The breeder definitely had a point, but I immediately brought up the hordes of people I know who gladly hand over extra cash to get perceived superior quality (or merely philosophy) from the Trader Joe’s and Whole Foods of the world. But, he emphasized, these are the same people who are most opposed to GM foods.

It was a disheartening series of arguments. Though, of course, if you can find a way to make a consistent profit branding something as ordinary as ketchup, it seems like there should be a place for a slightly more expensive fresh market (out of season) tomato that still tastes like a tomato…

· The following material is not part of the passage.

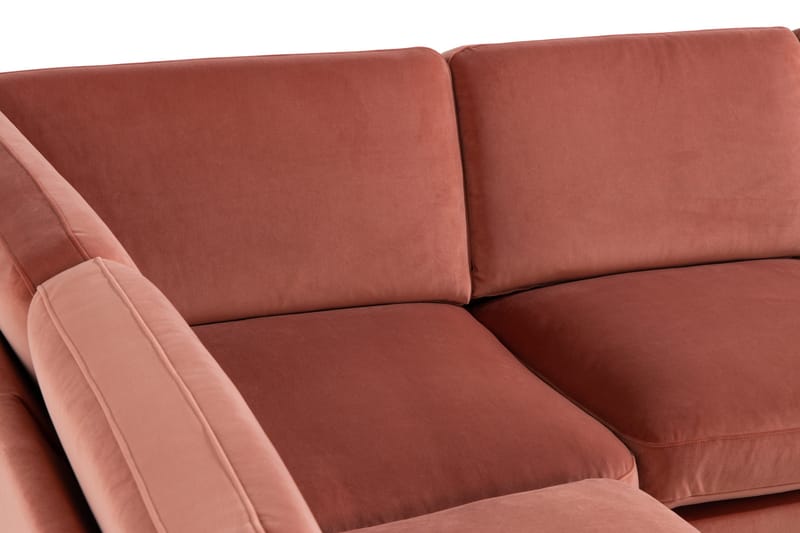 Teodin Hörnsoffa med Divan Vänster Sammet - Rosa - Möbler - Soffa - Hörnsoffa - Hörnsoffa med divan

* “Food” brands that are actually vertically integrated enough to do their own breeding include Campbell’s, ConAgra (Hunt’s), Heinz, Land’O Lakes, Frito-Lay and Orville Redenbacker. 
** Well, when I’m too far from the West Coast, that is.
*** Although a difference in price will be less inevitable if regulations get pared back

“Heirlooms were varieties that were so unsuccessful that they wouldn’t be sold today…

Every product declines until it’s replaced by new heirlooms.”

The backlash was inevitable.

What are heirlooms? A 1949 article in the New York Times defined them as “open pollinated varieties [i.e. genetically stable lines, not F1 hybrids] that are more than 50 years old and have been handed down through generations.” It fits the modern technical definition – but not the contemporary consumer’s expectation for a primary focus on taste.

Plant breeding is an always ongoing process. Breeders grow out their core collection of genotypes every year, cross them and collect seeds from the best individuals. Occasionally new genotypes with new properties are added to the mix, but for the most part a breeding program is a conveyer belt that continuously improves the quality and performance of a given crop.

People in the past never viewed their crops as perfect – they were always trying to improve their favorite varieties, whether to get better production, to fit changing fashions, or to excel in new environments. As voiced in the above article, “A 1902 cabbage by Burpee was a perfectly good cabbage by 1902 standards… But none of our ancestors ever viewed these things as done. You never stopped breeding your livestock. You never stopped selecting your cabbage.” People tend to lock onto the idea that older varieties tasted better while forgetting that, even when taste was excellent,* reliable performance in the garden was often not.